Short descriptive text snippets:
■ ■ ■ ■ ■
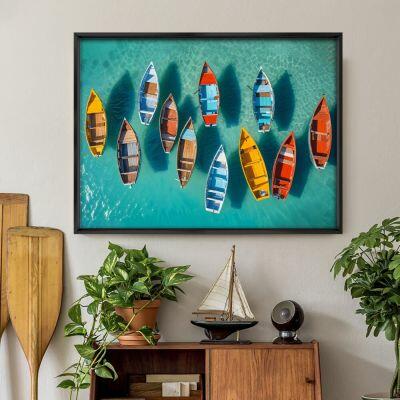 Quadro 60CM X 80CM Barcos Verde Água Tropical Artes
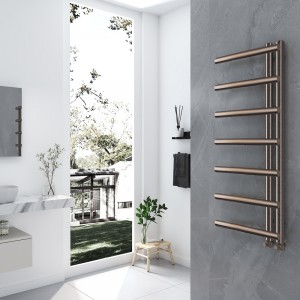 500mm (w) x 1200mm (h) "Mira" Brushed Bronze Designer Towel Rail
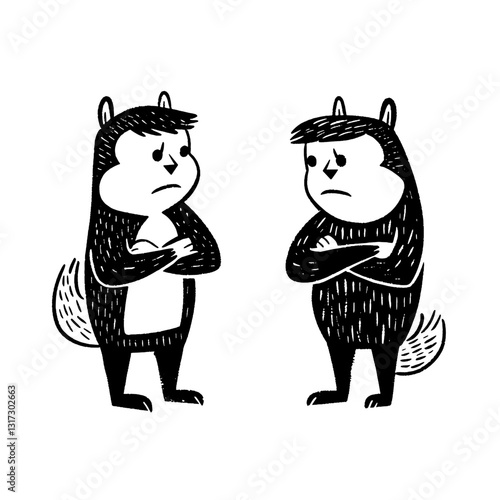 Two cartoon characters express frustration in a playful standoff during an amusing disagreement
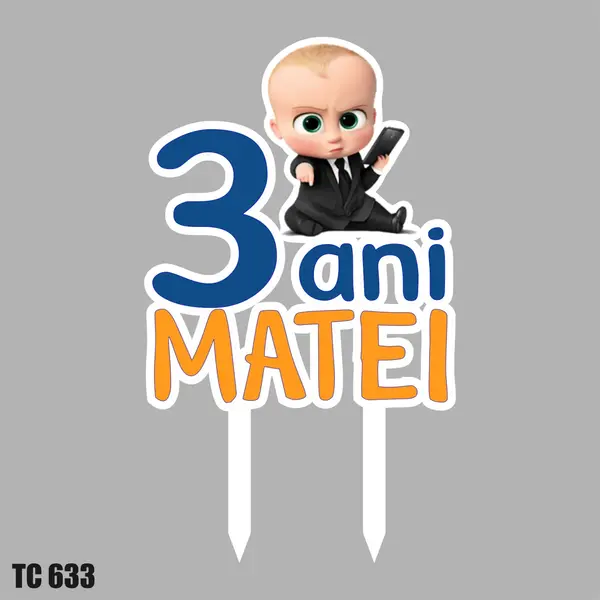Topper Tort UV Personalizat Boss Baby TC633 10x10cm, Plexiglass alb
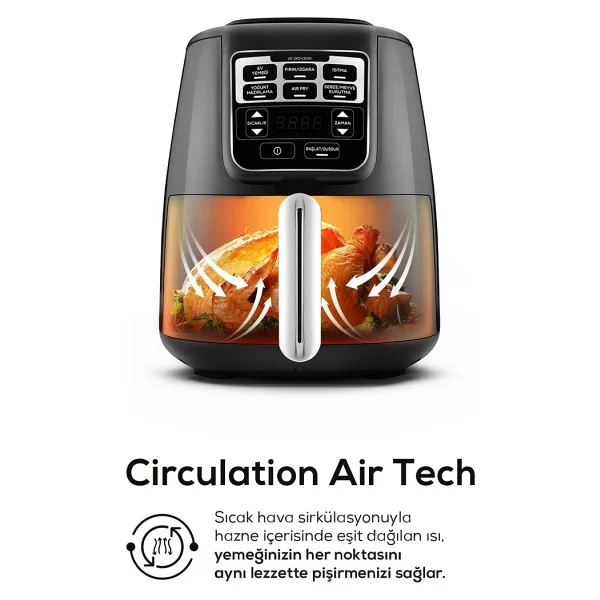Karaca Air Pro Cook XL 2in1 Airfryer 4 Lt Konuşan Yağsız Black Chrome Fritöz - Görsel 3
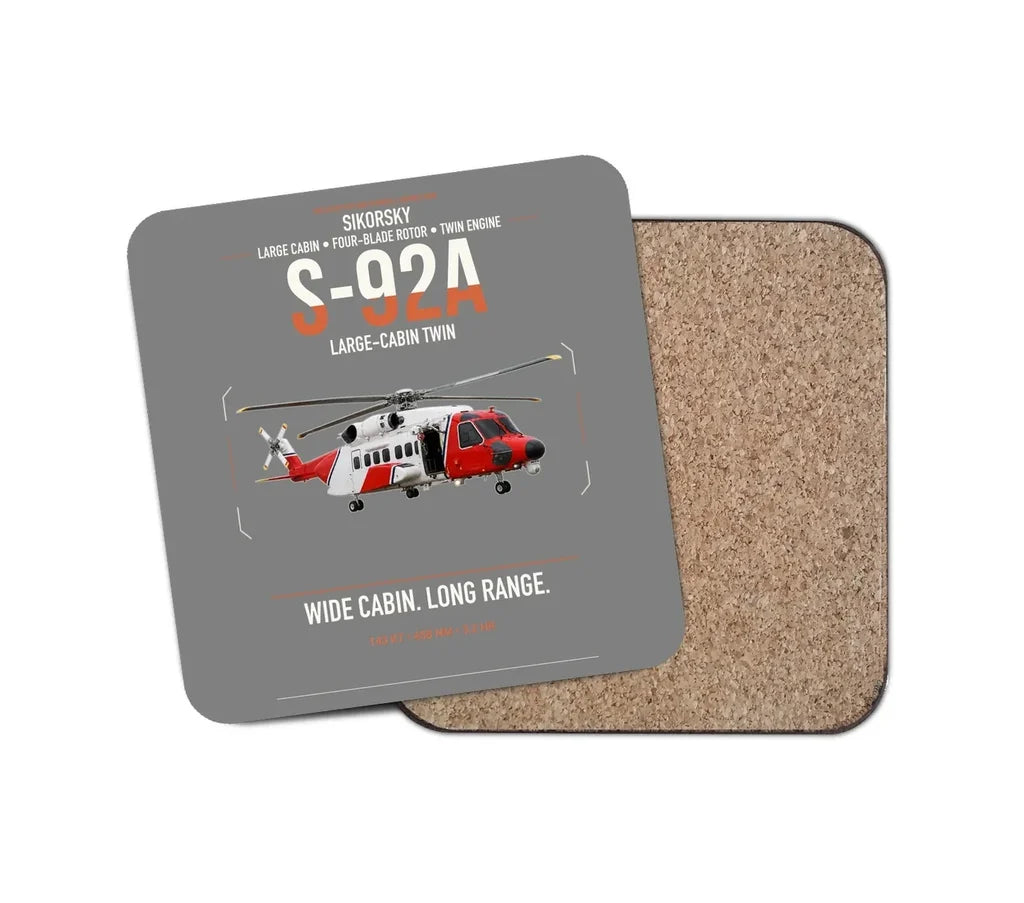 Sikorsky S-92A design on gray 1 piece coaster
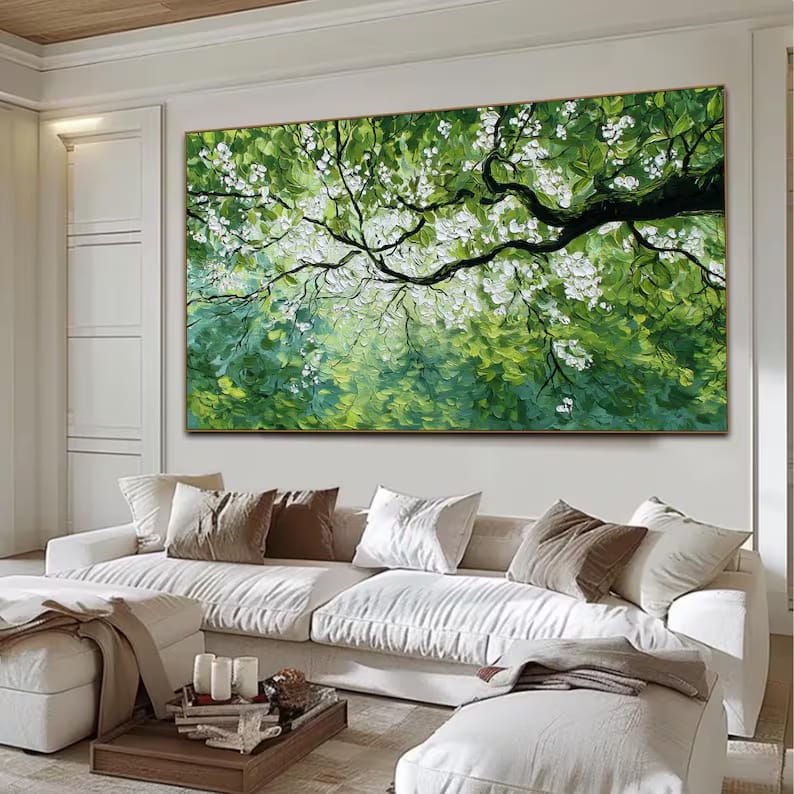 White Blossom Tree Painting – Green Botanical Wall Art#yy260618-a-02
■ ■ ■ ■ ■
• **YOUR TASK**
Repeat each entry above exactly. Omit the pictures.

• **ANSWER FOR THIS EXERCISE**
 Quadro 60CM X 80CM Barcos Verde Água Tropical Artes
 500mm (w) x 1200mm (h) "Mira" Brushed Bronze Designer Towel Rail
 Two cartoon characters express frustration in a playful standoff during an amusing disagreement
Topper Tort UV Personalizat Boss Baby TC633 10x10cm, Plexiglass alb
Karaca Air Pro Cook XL 2in1 Airfryer 4 Lt Konuşan Yağsız Black Chrome Fritöz - Görsel 3
 Sikorsky S-92A design on gray 1 piece coaster
 White Blossom Tree Painting – Green Botanical Wall Art#yy260618-a-02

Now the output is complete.